Par contre Athéna et Artémis présentent une intégration de la composante masculine, qui implique le renoncement au « purement féminin ». Je crois qu'il s'agit du sacrifice de ce charme féminin avec lequel la femme séduit l'homme de façon « mystérieuse » - presque magique- aux yeux de ce dernier, et exerce sur lui son propre pouvoir.
A ce propos, il convient de tenir compte du fait que la femme est profondément conditionnée par l'esthétisme de l'Anima de l'homme. ...
Comme l'observe Emma Jung, l'augmentation de sa conscience signifie pour la femme la perte d'une bonne dose de son pouvoir sur l'homme. Elle doit sacrifier sa tendance instinctive et naturelle à attirer la projection de l'Anima de l'homme. Si elle vit uniquement en tant qu'Anima de l'homme, les mobiles de son Moi et de ses actions restent inconscients. Par contre, si elle prend conscience d'elle-même et des valeurs spirituelles de l'Animus, alors elle devra sacrifier cet état d'inconscience et la secrète volonté de prestige et de pouvoir qui est à la base de sa séduction : vivre comme incarnation de la projection de l'homme signifie rester dépendante et inconsciente, ne pas assumer la responsabilité d'elle-même, ne pas développer sa propre conscience morale ni son autonomie. Mais pour pouvoir être, il faut renoncer à plaire toujours et à tout prix. C'est là un sacrifice grave, une sorte de mutilation sanglante, une blessure volontaire au narcissisme féminin : le mythologème du sein brûlé des Amazones l'exprime clairement. ...
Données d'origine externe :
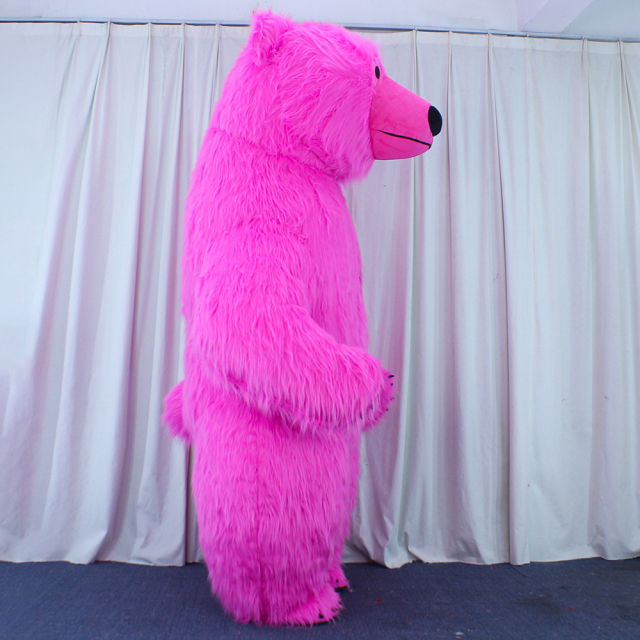 Saygo Halloween Cartoon Cosplay Adult 3 Meter Long Fur Walking Giant Inflatable Polar Bear Mascot Costume for Sale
Mais ce n'est peut-être qu'à travers ce sacrifice, qui met en danger l'exigence la plus vitale pour la femme, nommément l'Eros en tant que principe de relation et d'union avec l'homme, que celle-ci pourra progressivement modifier l'attitude de l'homme envers la femme, 1'amenant à pouvoir être attiré aussi, sinon surtout, par ses valeurs intérieures. ...
Artémis est la déesse lunaire, et donc aussi la déesse de ces phénomènes naturels et de ces aspects de la vie végétative, animale et humaine sur lesquels on croyait que la Lune avait une influence : c'est la reine de la Nature vierge, libre et sauvage, que l'ouvre de l'homme n'a pas touchée. C'est la déesse des bois et des montagnes, de la chasse et des bêtes sauvages. Réservée, elle esquive l'amour et les hommes, elle est la déesse de la chasteté, protectrice des jeunes filles. Comme le dit Malamud, elle « est la gardienne de tous les devenirs, de tout développement futur », mais cette attitude maternelle est plus différenciée que celle qui se manifeste comme simple protection de la progéniture. Elle éduque les enfants et veille sur leur croissance.
En outre .. « l'abstinence sexuelle, représentée par Artémis, met l'homme en garde contre une méprise naturelle, mais fatale : trop souvent sa conception d'une relation avec une femme est limitée à son aspect sexuel. C'est là le domaine de la contrepartie d'Artémis à Aphrodite : les rapports sexuels, la procréation, la naissance. Pour l'homme Aphrodite est l'Anima « à l'extérieur », celle qui l'attire et le séduit vers le monde extérieur [...]. Cette Anima agit par le charme. Artémis, au contraire, agit par l'inspiration et l'enthousiasme. La raison d'être d'Aphrodite est la présence d'un partenaire ; sans lui elle est superflue. Artémis, en revanche, est une vierge, indépendante et autosuffisante [.]. Elle représente l'Anima « à l'intérieur », dont la réalisation est principalement psychologique, et non biologique. Homère l'appelle « celle qui lance des flèches » et « celle qui atteint au loin », ce qui implique regarder et toucher le centre essentiel du Soi, et inclut la direction vers le but, la conscience du but, l'aptitude à viser le centre et à tendre vers des possibilités lointaines ».
Malamud parle d'Artémis comme nouvelle image-guide dans le processus de prise de conscience de la femme. Le fait que les femmes modernes de ce type soient souvent dans un état de possession par l'Animus peut être « une phase, transitoire, qui a pour objectif de stimuler la conscience en créant une disharmonie nécessaire dans une P.87 attitude passive."...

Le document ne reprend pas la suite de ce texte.